Even after losing the support of her family, due to not wanting to be traditional, Husna has not lost sight of what's important; being a businesswoman, a role model and coach and giving back to women in her community
"I had an arranged marriage at 16 years old so didn’t get my GCSE’s and didn’t know how to pursue further study but I knew I wanted to better myself and continue my learning. I did Business Administration NVQ after I got married. In very challenging circumstances.
I went to LSBU as a mature student and chose it because the location was close to home, the campus was clean and I was living in Clapham North and I was able to drive in as there was a car park on campus, but then the congestion charge was introduced and I stopped driving in.
While I studied I was working full-time and attending 6-9 classes, 3 nights a week. I fell pregnant in my 3rd year and continued with my course right up until the month before my due date. I remember being 7 months pregnant, sitting my exams and the baby would not stop kicking, I couldn’t sit still or focus, I did a 3-hour exam in 1 hour and of course, I failed. The University was understanding and I was able to re-sit.
I had some genuinely inspiring lecturers, I may not remember their names but I remember what they said. One lecturer openly told the class she didn’t want to go to work when she was younger, but it was her Dad who told her ‘people may not want you but they need you and that’s why she went into work instead of sleeping. Another one said ‘I m not just teaching you I’m learning from you', I found that profound as she had so many accolades and qualifications under her belt. There was another lecturer, he was old fashioned, lovely and approachable. When it was exam time, he said he doesn’t like examining his students, which was comforting to hear.
Graduation was the most beautiful day
When I look back, I don’t know how I managed it all and I can only think that God guided me. It wasn’t easy but I am a very self-motivated person. Before I came to LSBU a colleague at work said to me, ‘the next 4 years will go by anyway so you may as well show something for it’.
My marriage was challenging, I saw my husband very little during the week and It got to the point where I thought my education was more important than him. Every time I came to University, I thought to myself ‘I’m doing this for me, my family and future’. One colleague said ‘if he is still there at the end of your studies then it’s meant to be’. But he was supportive of me. When I graduated I was like wow, I was so proud of myself that I took that step. I’m an older Asian Muslim woman who carries the stereotype of cooking, cleaning, raising kids and staying at home. It was challenging.
Graduation was the most beautiful day of my life. I felt like I was getting married to my education, I bought a beautiful traditional Indian outfit. My brother came to the ceremony as he believed in me, and my 2 older daughters came but my husband at the time stayed at home to look after our baby. I achieved it for me, no one else.
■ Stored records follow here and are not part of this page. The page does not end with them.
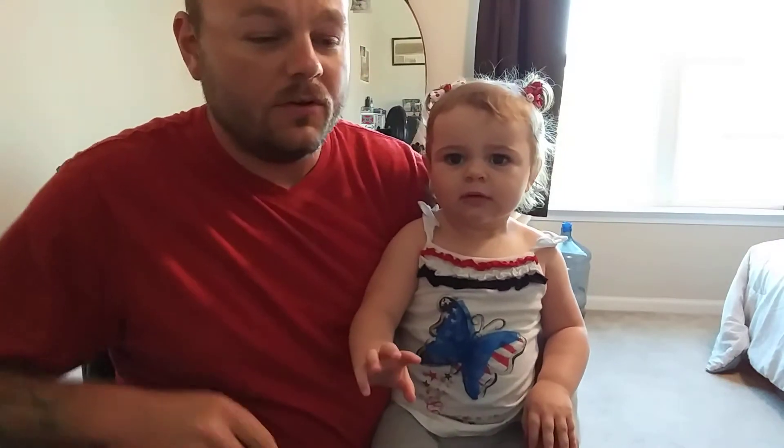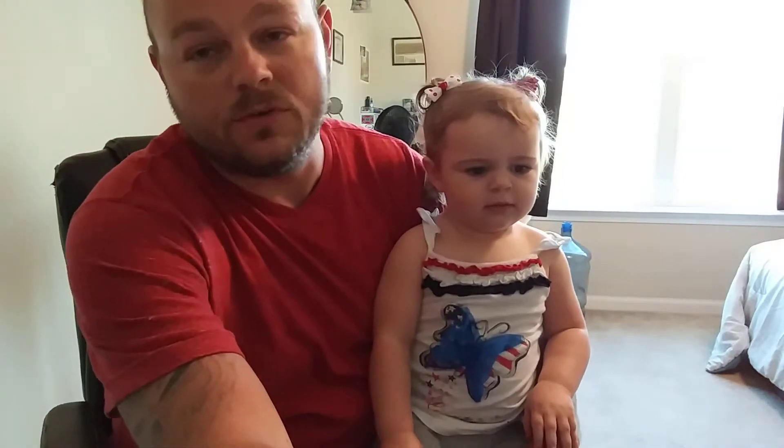Hey guys, Ruff Rooster Knife Sharpening — trying to get my camera set right here. I was going to do a video, but my little girl kept knocking at the door and stuff, so she's going to do it with me.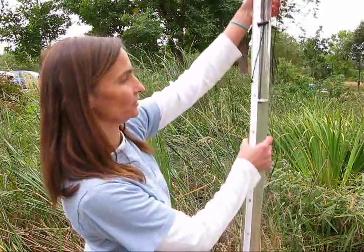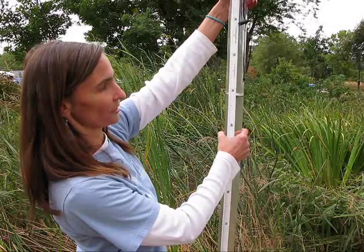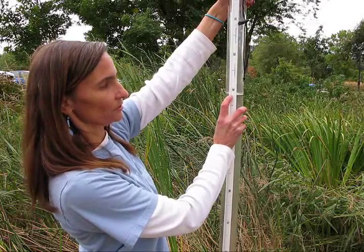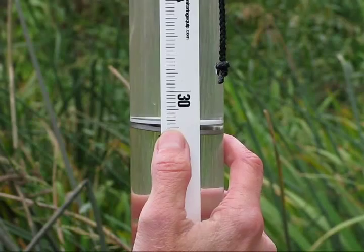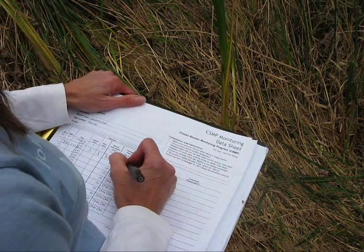Raise the tube until you can see the disc on the centimeter scale on the side of the tube. This is the reading you'll record on your datasheet. As you can see, the Secchi Tube is easy to use. Thank you for your interest in stream monitoring.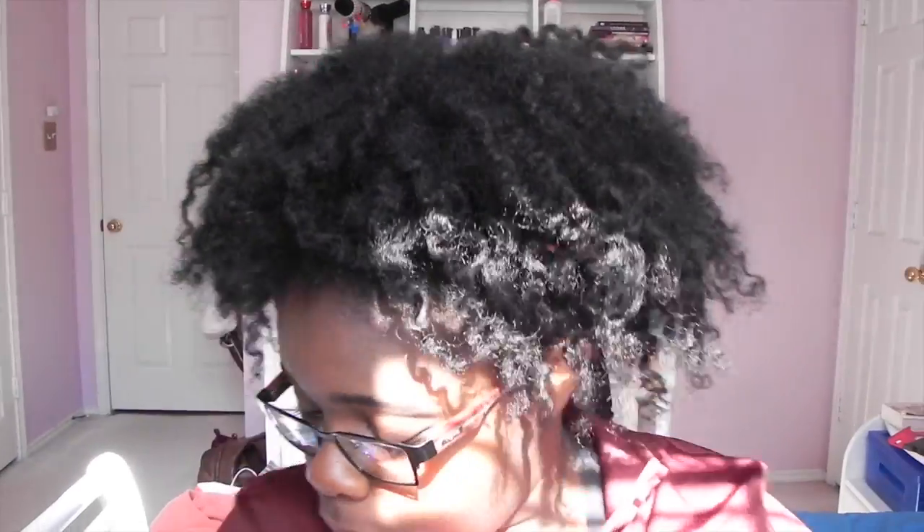Now on to tools. My first tool is my Denman brush and I love this. If you have curly hair and a hard time detangling, I seriously recommend you get this brush. It's only about $10 and you can get it at Sally's or order it online. There's probably a Conair version at Walmart, though I haven't tried that one to compare. I got mine at Sally's for sure.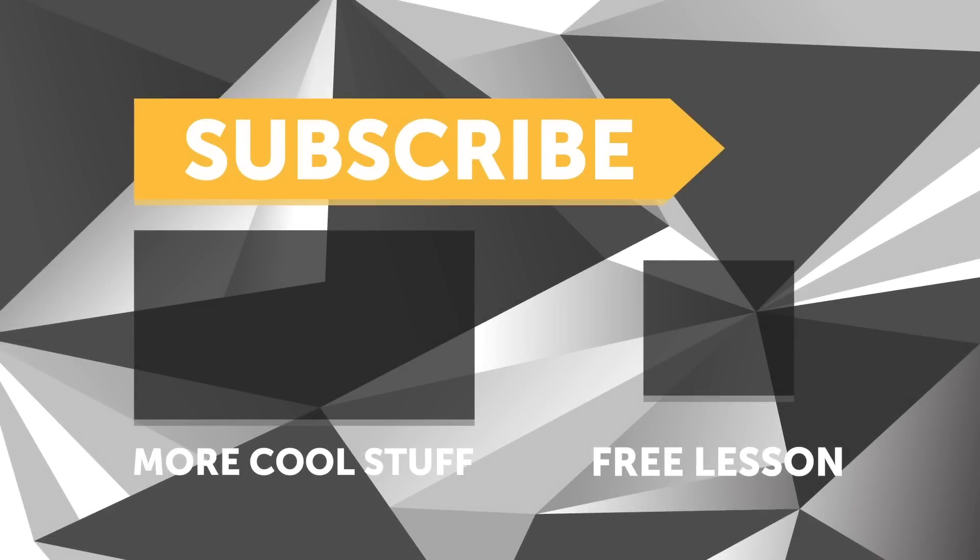If you liked that video, make sure you give it a thumbs up, and if you're not already a subscriber, make sure you subscribe — a new video is released every week. And if you like free stuff, click the link in the description to claim your free spot to the next live lesson.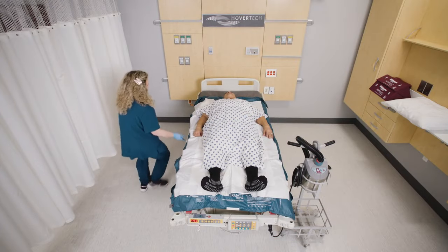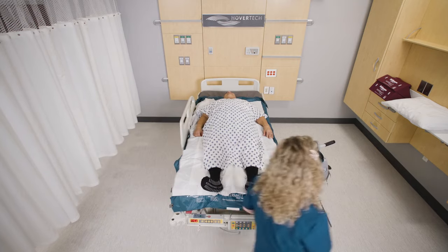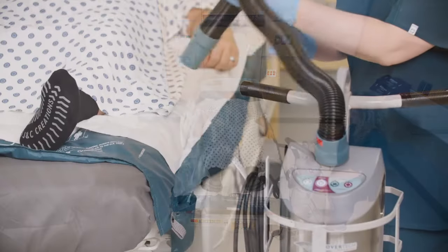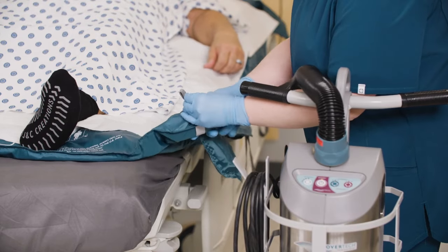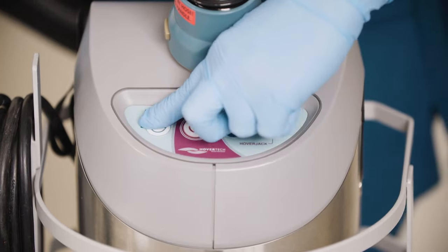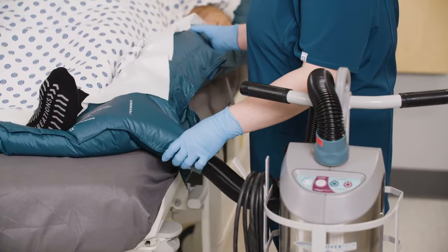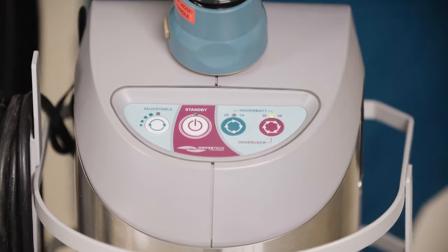If using one caregiver, raise the side rails prior to mat inflation. Place the air supply at a convenient location. Insert the hose nozzle into either of the two hose entries at the foot end of the Pro's AIR and snap into place. Press the variable speed button to ensure the patient is centered. When confirmed, press the 39-inch hover mat setting on the air supply.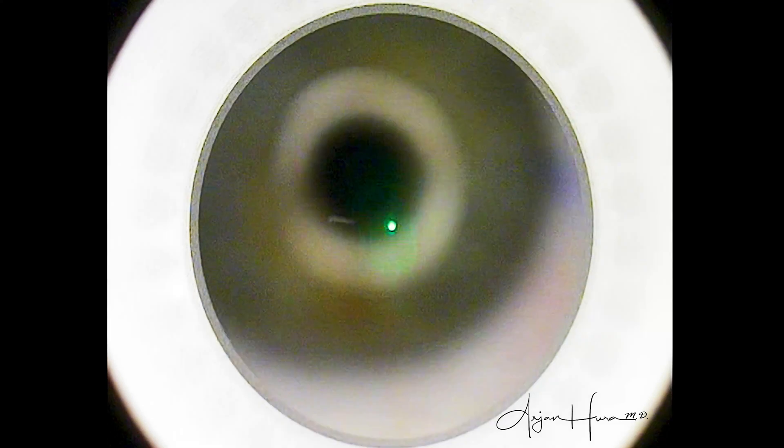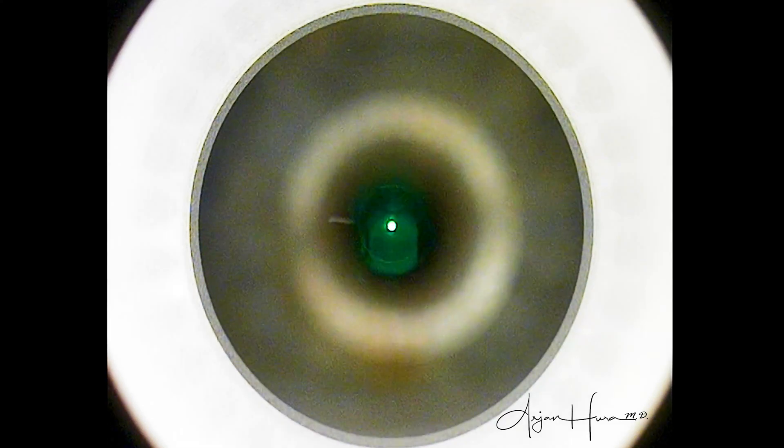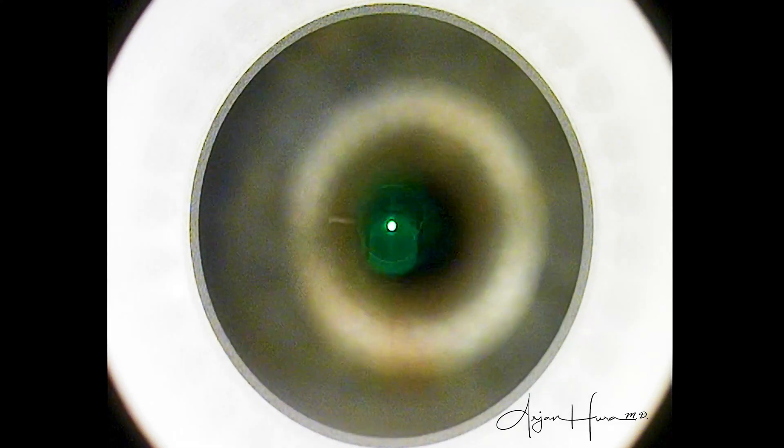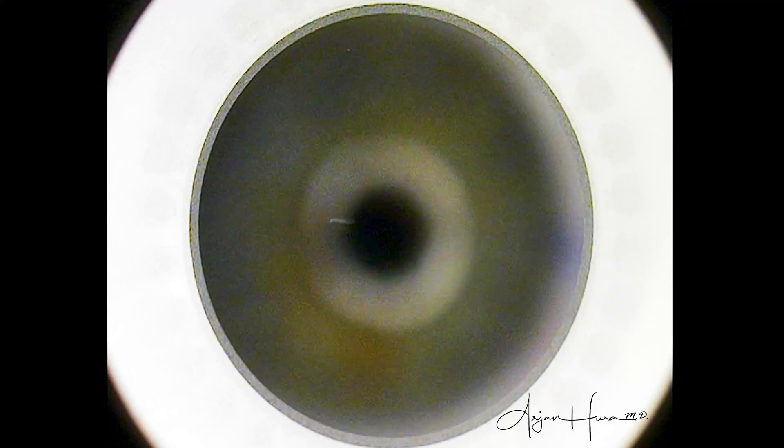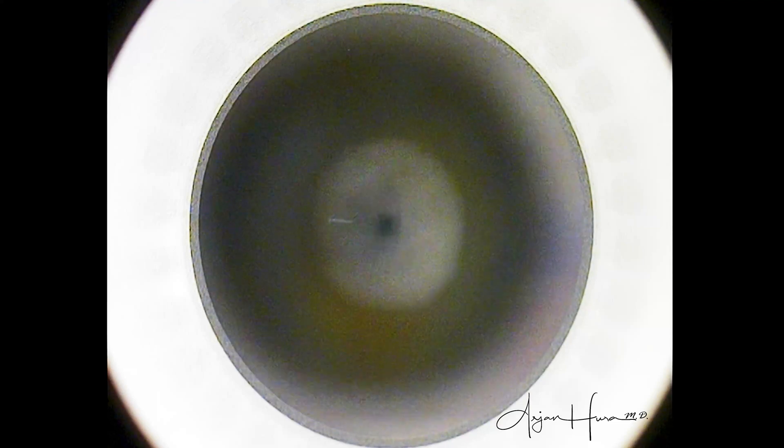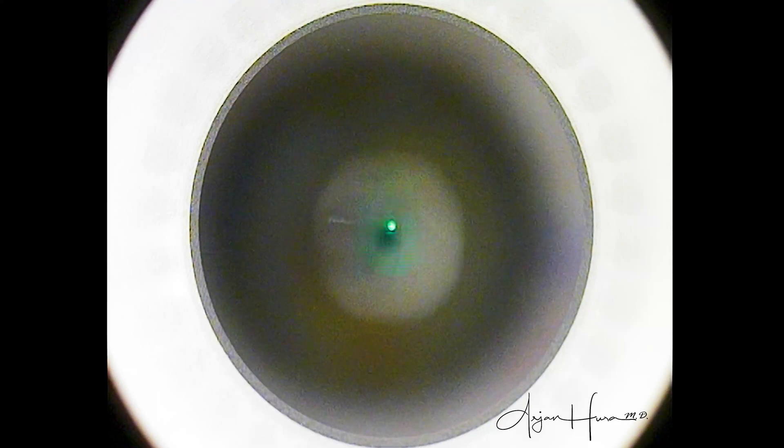Similarly, with SMILE, some surgeons prefer to create the lenticule, dissect it, extract it out, and then do the same thing in the other eye. However, I've found that it's more efficient to just create the lenticule in each eye, be done with the laser — the patient's relieved, the 48 seconds of treatment are over — and then proceed with the dissection and extraction.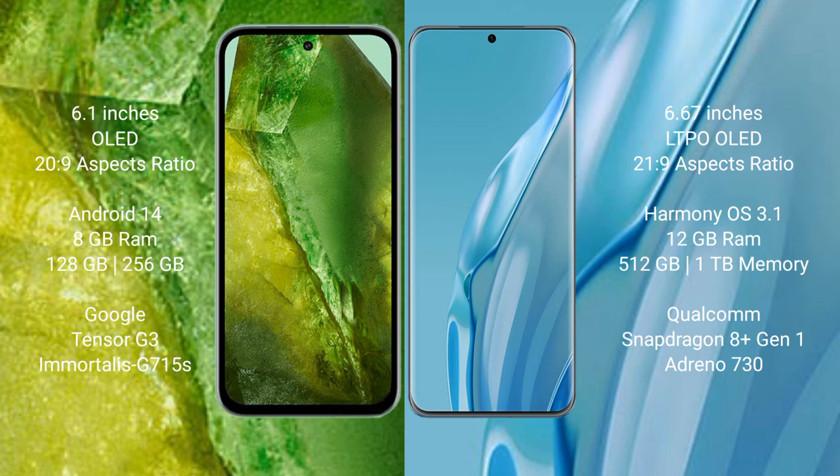Google Pixel 8a runs on the Android 14 operating system. Huawei P60 Art runs on the Harmonious operating system.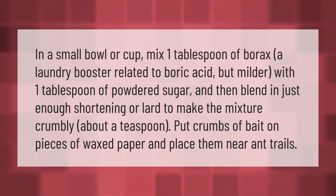In a small bowl or cup, mix one tablespoon of borax — a laundry booster related to boric acid but milder — with one tablespoon of powdered sugar, then blend in just enough shortening or lard to make the mixture crumbly, about a teaspoon. Put crumbs of bait on pieces of waxed paper and place them near ant trails.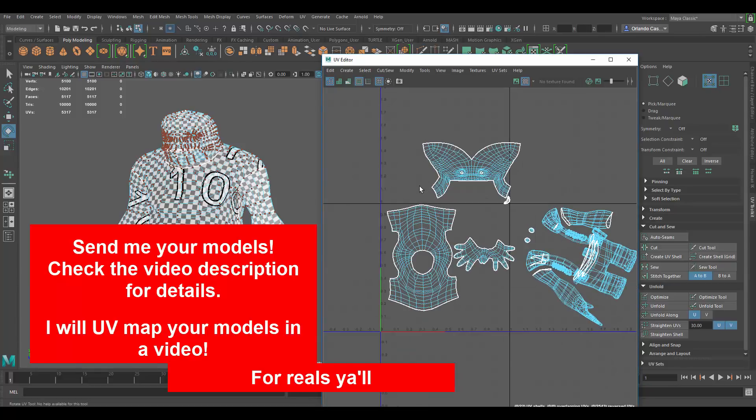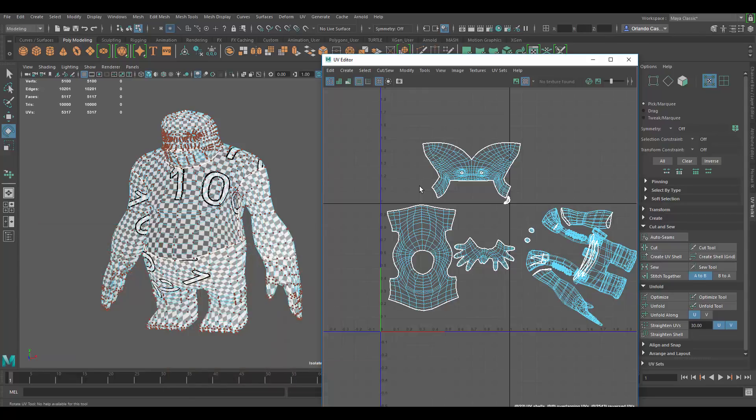So this is how I would start doing a character UV — all the other pieces you can probably figure out using the same techniques: make some cuts, unfold, make sure there's no distortion, and that's how I would continue to make the whole thing. If you have a model you want to see me UV map, check the description for details. Thanks, and don't forget to hit the like button and subscribe.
My achievement inspired my daughters to go to university. I once heard my older daughters say to each other ‘don’t be like mum and wait, get a degree and then have a family’. Inspiring them was the biggest thing for me. Children don’t listen to what you say but do what you do. People say ‘how are your kids so good’, and I say ‘they follow me’.
5 years ago I qualified as a Personal Fitness Trainer. When I was at University I put on weight, I wasn’t looking after myself, I was comfort eating. I was working as a finance officer at an academy, a woman introduced me to Herbalife and after 10 months I resigned from my full-time job. So I’ve been building my nutrition company and my degree helped me with that business knowledge.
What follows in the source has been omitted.